Delayza could breathe with the help of a tube in her throat, but the cartilage also kept her vocal cords from being able to vibrate and make speech. There was no opening through them.
“She could have easily gone through her life” with the help of a breathing tube but no voice, Lam said. But he was determined to give her a better option.
He knew that people who lose their voice boxes to cancer can learn to speak using their esophagus.
“It’s kind of like basically burping and then generating voice by constantly burping. It’s called esophageal speech,” Lam said.
It was a noninvasive option that could avert the risks of surgery, but he couldn’t find anyone who knew how to teach esophageal speech to children.
Instead, they decided to do a rare and complex surgery to reconstruct Delayza’s voice box. It was a tough decision, Lam says, because of the risks involved.
In addition to producing speech, the vocal cords are the major protector of the airways during swallowing. If the surgery didn’t go just right, he could end up compromising her airway, interfering with her ability to swallow. That would increase the risk that food or liquid could get into her lungs and cause an infection.
Lam said he talked to Delayza’s family for years about whether it was the right decision and what the timing should be. They set a goal to do it before Delayza started school, but she was doing so well that they ultimately decided to postpone the operation.
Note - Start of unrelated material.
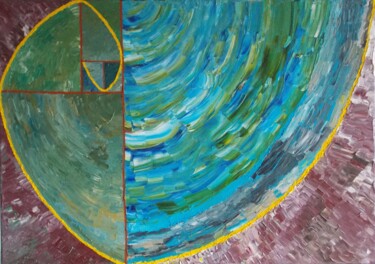 Ζωγραφική με τίτλο "Fibonacci-Spirale" από Harry Lübke (hARRY), Αυθεντικά έργα τέχνης, Λάδι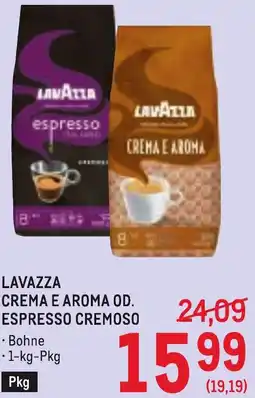 Metro Crema e aroma od. espresso cremoso Angebot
Diaz said her daughter really struggled when her classes moved online during the Covid-19 pandemic. Delayza hates sitting still, and virtual classes just made communication even more difficult for her.
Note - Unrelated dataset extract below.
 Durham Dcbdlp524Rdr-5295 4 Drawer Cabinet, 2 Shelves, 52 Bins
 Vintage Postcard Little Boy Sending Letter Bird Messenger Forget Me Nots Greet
“She gave up on school,” her mom said. Even now, in the fourth grade, it can be difficult.
They finally did the surgery in fall 2022, Lam says, just before Delayza’s 9th birthday.
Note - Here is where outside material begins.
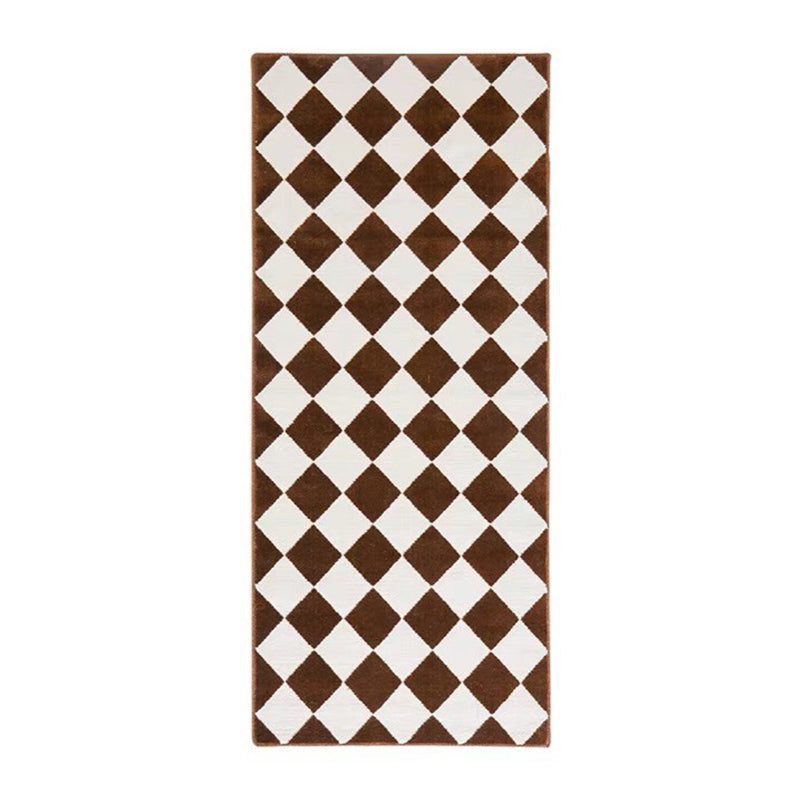 Brown Minimalist Area Rug Plaid Polyster Rug Non-Slip Backing Area Carpet for Bedroom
The operation took about eight hours. He removed the abnormal cartilage at the top of her windpipe, drilled a hole between her vocal cords so they could move and used additional cartilage from one of her ribs to build her a new, bigger voice box, which he attached to the top of her windpipe.
He also inserted a round tube called a stent to hold the new voice box open. The stent stayed in for nine months while everything healed, to ensure that no scar tissue would form and close off her throat.
One of Delayza’s vocal cords is now working, enough that she can – for the first time – learn to speak normally.
“She has one vocal cord that works well now and one that doesn’t, but seems like that she’s able to compensate enough with the one that does work, that we can still achieve the goals that we want,” Lam said.
Lam said Delayza had been working with voice therapists for a couple of months before he saw her again and heard her speak for the first time.
“That was a really a really cool moment, a really exciting moment for me,” he said.
One of the first phrases she learned to say was “I love you, Mom.”
“She would use her hands to say to say ‘I love you,’ ” Diaz said. “When she said it, it was just exciting.”
Delayza’s voice is still low and raw.
It still surprises her mom to hear it around the house. “I’ll just hear her and like ‘Whoa. Is that you again?’ ” Diaz said. “I forget she can have like a strong, older person’s voice.”
Even their dog Nico, a chihuahua/pit bull mix, is still getting used to it. He starts barking when he hears Delayza talk.
Lam said he’s hopeful it will improve with practice.
“She’s definitely way more intelligible and understandable and I think can clearly communicate better when she uses that her new voice compared to the way that she spoke before,” Lam said.
Thanks to the surgery, she might also get the plastic tube that helps her breathe – a tracheostomy tube – taken out of her throat some day.
Ultimately, Lam is hopeful that this new voice will change the trajectory of Delayza’s life.
“Even from a safety standpoint, I mean, if you are in a situation where you need to call out for help … if no one can understand what’s she’s saying or what she needs, that could be a problem,” he said. “I think it certainly can open a lot of doors for her that maybe would have stayed closed before.”